One time Bourgeois absolutely never uses this technique is when he locates fish that are obviously feeding.
“When you see fish feeding on a shoreline, don’t run in there with your motor,” he advised. “Stop far away from them, and go in with your trolling motor. Those are fish you don’t want to spook. You already know where they are, and you know that they’re feeding. Those are fish you know you’re going to catch.”
Conversely, if he’s confident there are fish in a certain area, but he can’t pinpoint them or see any evidence of them, he’ll use his spooking technique to make them show themselves.
“As a guide, that’s how I check my areas to make sure they’re holding fish,” he said. “If I idle down a shoreline and I spook 30 or 40 fish, I’ll do something else for a few minutes, let that area settle down, and come back with my trolling motor and catch them.
“But if I spook three or four fish, I’ll chase those individual fish down, and catch them.”
Anglers who attempt this technique have to train themselves to recognize the differences in fish wakes. In addition to reds, they’ll also spook sheepshead, drum and mullet along the shorelines.
“Whenever I take clients to do this, every mullet they see they think is a redfish,” he said. “It doesn’t take them long to learn the difference, but at first they want to cast to everything.”
He said the mullet in Lafitte can weigh as much as 2 pounds, so they do push some big wakes. The difference, though, is that mullet wakes come and go in spurts.
“They’ll come to the surface, move sharp and quick, and then they’re gone,” he said.
Also, they tend to push wakes farther off the shorelines, Bourgeois said.
Sheepshead, on the other hand, mill about close to the shoreline, just like redfish, but their wakes are taller and sharper than the blunt, wide wakes of redfish, Bourgeois said.
“The wake (of a sheepshead) may even crest,” he said. “Nine times out of 10, the sheepshead won’t push very far. He’s like a rabbit; he’ll double back to where he came from.”
Having the right boat is crucial to this type of fishing, Bourgeois said. He fishes out of a 24-foot Bay Champ that floats in 14 inches of water. The boat is also fitted with a jack plate, which allows Bourgeois to push in skinny water without kicking his motor up and making a ruckus.
But any craft that draws little water is suitable.
“This is ideal for flat boats,” he said.
Anglers with deeper V-hulls can use the technique in bayous that run between productive bays.
“The middle of the bayou may be 8 feet, but if the edge of the bayou slopes off slowly, you can catch them there,” Bourgeois said.

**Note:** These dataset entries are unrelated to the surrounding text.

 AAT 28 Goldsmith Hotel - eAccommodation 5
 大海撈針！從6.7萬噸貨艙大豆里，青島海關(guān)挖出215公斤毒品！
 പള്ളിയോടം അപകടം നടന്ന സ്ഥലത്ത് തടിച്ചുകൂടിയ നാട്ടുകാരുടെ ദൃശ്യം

In any area, Bourgeois starts by throwing soft-plastics in dark colors (black/chartreuse, purple/white, purple/chartreuse).

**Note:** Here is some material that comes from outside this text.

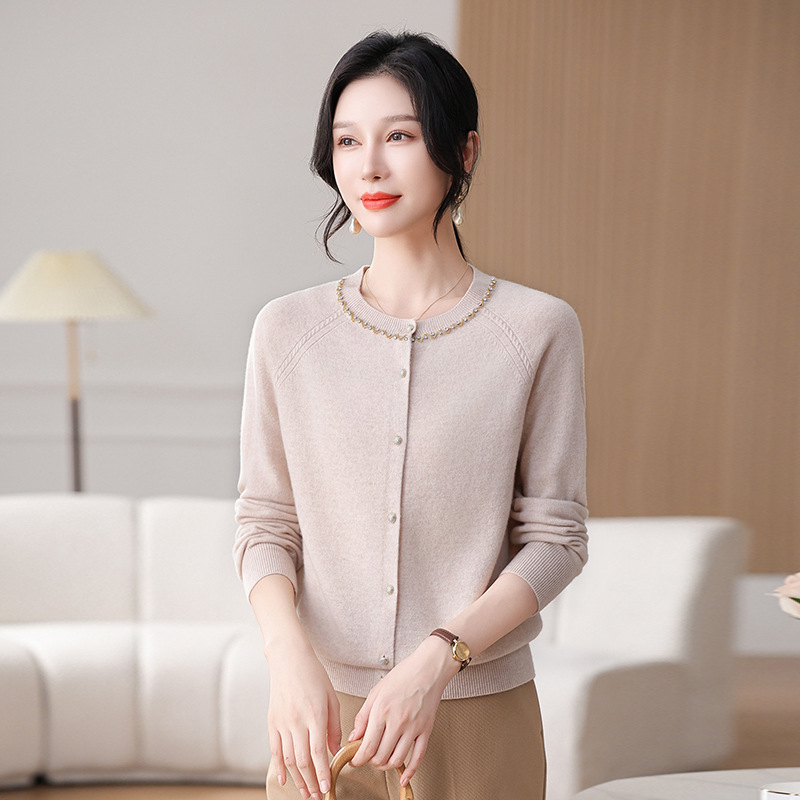 100 순수 양모 스웨터 여성 카디건 코트 2024 새로운 봄과 가을 어머니의 짧은 구슬 스웨터 니트 스웨터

“That’s the most effective way to catch these fish,” he said. “A spoon is a bait that you use on (the fish’s) terms. He comes to get that.
“But these fish, you’re kind of forcing to feed, so you want to use a very natural-looking bait.”
Occasionally, Bourgeois will add a No. 4 gold spinner to the soft-plastics to hold them in the strike zone longer, but he finds that the flashes of metal sometimes work against anglers.
“Some days the spinners make them hit; other days the spinners run them off,” he said.
What? First, Bourgeois spooks the reds, and then he seldom uses spoons or spinners?
Whatever happened to established doctrine?
If he’s not careful, Bourgeois may find himself excommunicated by fellow worshippers of shallow-water redfish.